1. This time around, the video game anniversary of note is the Playstation, which has turned 15, and Joystiq celebrates with gifts of not just one but two infographics. This also makes it a good time to ask if classic video games still hold up. We’ll see if Madden on Facebook will hold up. I’m 100% certain The Room Tribute Flash game will; how could it not?

2. The music industry continues to struggle with sales, and while on iTunes music is still central, apps downloads may soon surpass song downloads (though The Oatmeal has a great cartoon about how we really feel when buying apps), and music labels aren’t cooperating with Ping but are cooperating with Google. Maybe Iron Maiden has the solution to the music industry’s problems.

3. Paste Magazine was among the print casualties this fortnight, and Arthur Sulzberger announced the New York Times would be one someday. Right now, newspapers are struggling to maintain their advertising share, and Gawker is beating all newspapers but the New York Times in online hits share, while Vogue is working to make both its print and online sources more advertiser friendly, and Playboy has become more blind-reader friendly.
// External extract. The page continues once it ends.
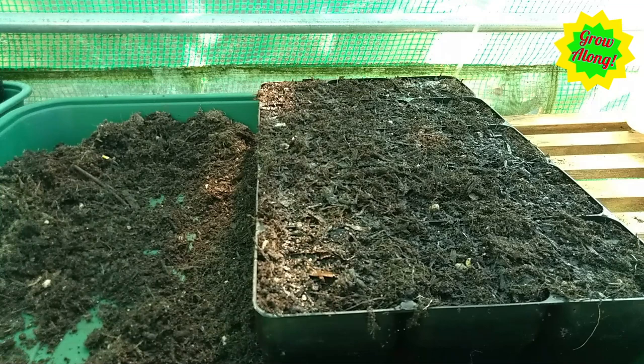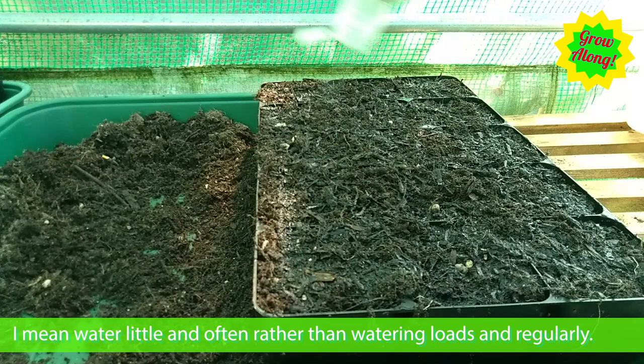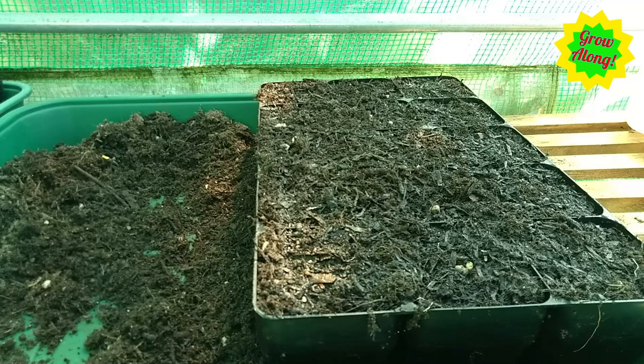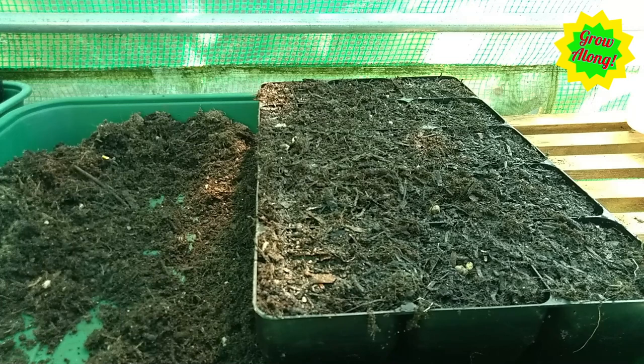I'm roughing up the surface because I find water doesn't puddle as much that way. Now I'm giving them a really good water — the compost is pretty damp, not wet. It's better to water little and often. If you want to put these into a tray of water and let them soak from the bottom you can do that, but remember to take them out after an hour or two — you want the compost moist, not wet. That's our Cheeky Prince sown; now I'm going to sow the Uchiki Kuri and Oregon Homestead Sweetmeat in exactly the same way.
4. It’s Hollywood summer summary time: summer was slow, attendance was down, ticket price gouging was up, there were summer trends and summer winners and losers, but Kick-Ass wasn’t the loser many first thought.

5. In indie cinema, it’s been a good year for documentaries and a good summer for women in art house seats and behind cameras, but it’s been a tough summer for specialty crossover hits and a tough everything for Terry Gilliam’s Don Quixote project. What it’ll be for I’m Still Here is being hotly debated.

6. Redbox hit its one billionth DVD rental, and now it’s looking to a new horizon: streaming. Google wants to compete in that realm too, one that has helped to make Netflix’s CEO a very rich man. Blockbuster actually has an advantage over the others in being able to offering certain rentals earlier, but it might not have the money to market that fact to consumers. iTunes and video-on-demand consumers can see Freakonomics earlier than even theatergoers can, and David Ehrlich believess such a model can actually help theaters in the end.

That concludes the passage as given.